Below is a summary of the main points that came out from this discussion:

After two decades of in-RDBMS machine learning research and implementations, database systems have not made a compelling case for data scientists to move their workflows there. A transition phase is currently under way, where the database community with all the experience of the past is looking for crucial features, such as data versioning and data governance, that would make DBMSes attractive to data scientists, and where the definition of in-RDBMS machine learning becomes less rigid with the adoption of data lakes and the interoperability with systems like TensorFlow and open formats like ONNX.

In addition to the above, keeping up with all the innovation that is happening in ML and bringing it in the DBMS has become quite difficult and probably an unrealistic expectation. For instance, the acceleration that
hardware optimized compilers of systems like TensorFlow bring to ML needs substantial work in order to be replicated in DBMSes.
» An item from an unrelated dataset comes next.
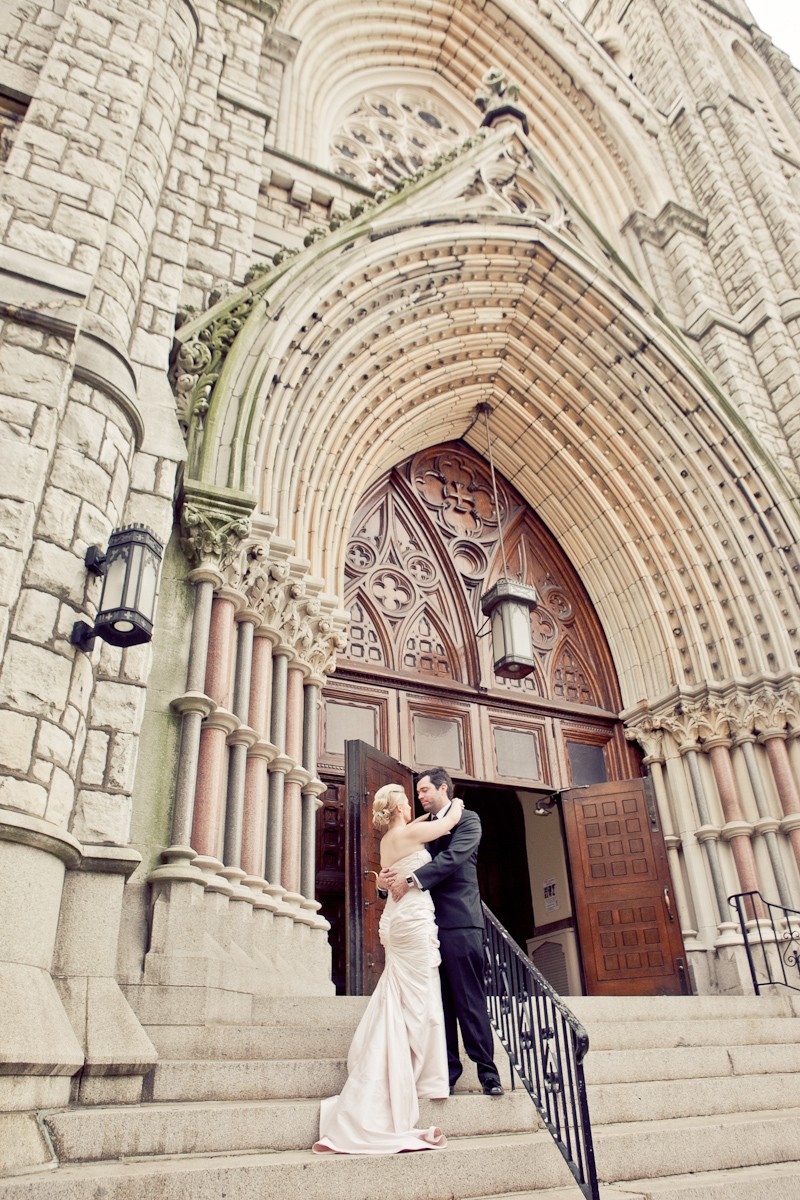 Philadelphia Church Weddings Evantine Design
Given this, approaches that combine a DBMS with an accelerator and offload different parts of the workflow to where they will executed best is gaining momentum. This is already, for example, implemented in Redshift ML and SQL Server, where data are seamlessly exported to SageMaker or Azure ML where the ML part runs.
On the other hand, query optimization, computation reuse and scalability, which are well studied areas in the database systems, are insufficiently supported in ML platforms.
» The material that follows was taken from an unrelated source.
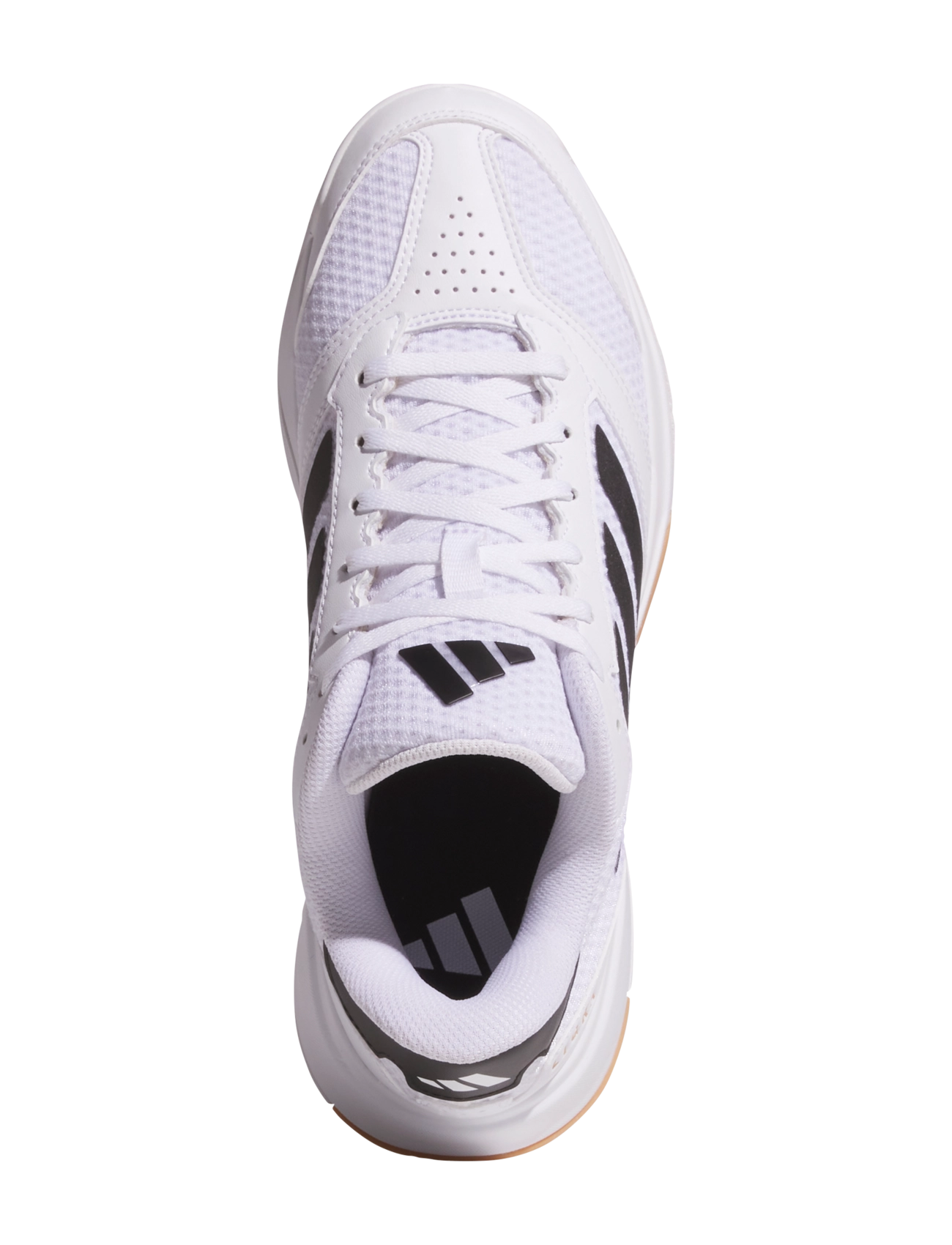 adidas Performance - Ligra 8 W - indoor-sportschuhe - ftwwht/cblack/ftwwht - 4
Many times people use relational algebra and SQL interchangeably, but in reality these are two different things. This means that there is still room for innovation at the language level, which can increase the usability of RDBMSes for data science workflows. At the same time, there is no fundamental issue in translating popular APIs of relational operators, such as Pandas, to SQL and thus allow the user to still write Python or another language of its preference.
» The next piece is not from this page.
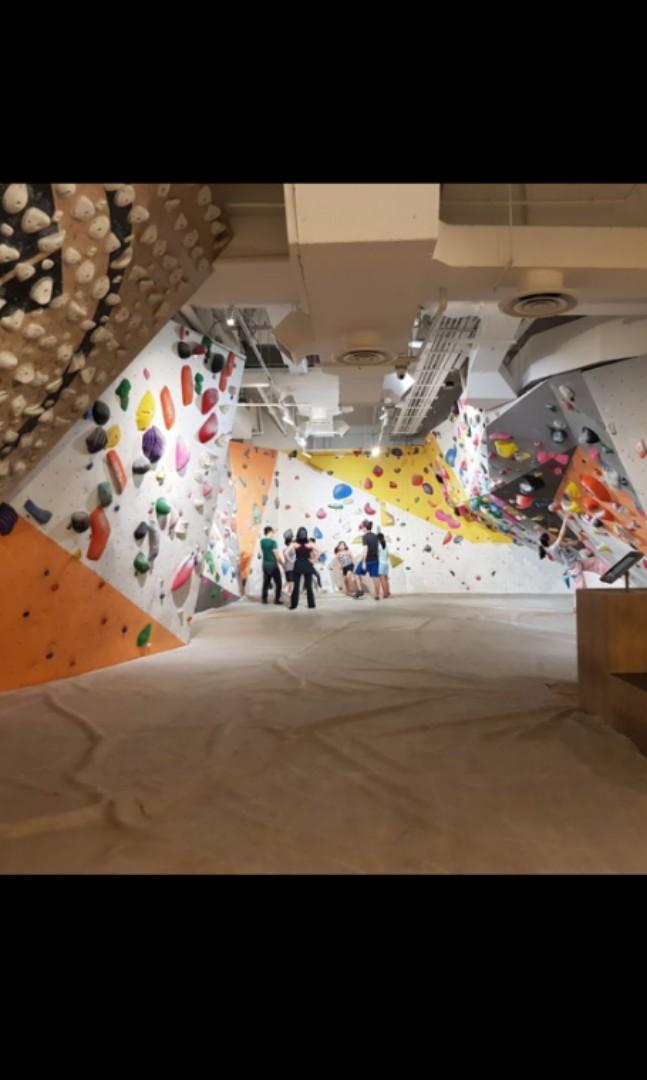 Funan (rockclimb) Climb Central Passes, Sports Equipment, Sports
So far deep learning has focused on perception data, i.e. visual or speech data, and all the benchmarks commonly used in research papers address tasks like image recognition and language models. Structured data are largely ignored possibly partly due to lack of transferability of knowledge between datasets and tasks, although this is not thoroughly investigated. Hence, to draw attention towards this direction benchmarks of real-world tasks on relational data or knowledge graphs need to be created, e.g. learning the correlation between sales and weather or traffic data. It makes sense that such benchmarks will most probably come via industry.
Statistical Relational Learning (SRL) has not taken off as much as deep learning. One reason for this could be the by-design ability of deep learning networks to compose higher-level from lower-level features, whereas in SRL feature engineering happens via the expression of constraints. That being said graph neural networks is where most of the SRL ideas nowadays live. In addition to this, many times statistical modeling as expressed in probabilistic programming languages such as Stan, encapsulate a structure that is not explicitly referred to as relational, but it indeed shares a common ground with relational algebra.

Concluding Remarks

Overall, we are very happy with the content of the 1st DBAI, as this included insightful presentations and a constructive panel discussion. I’d like to sincerely thank my fellow organizers (Nikolaos Vasilogou, Parisa Kordjamshidi, Maximilian Schleich, Kirk Pruhs and Zenna Tavares), the PC members, the speakers and panelists, the sponsors, the volunteers and last but not least the authors and attendees for contributing each in his/her own way in making DBAI’21 a successful workshop. I really hope we will have the opportunity to organize another DBAI soon.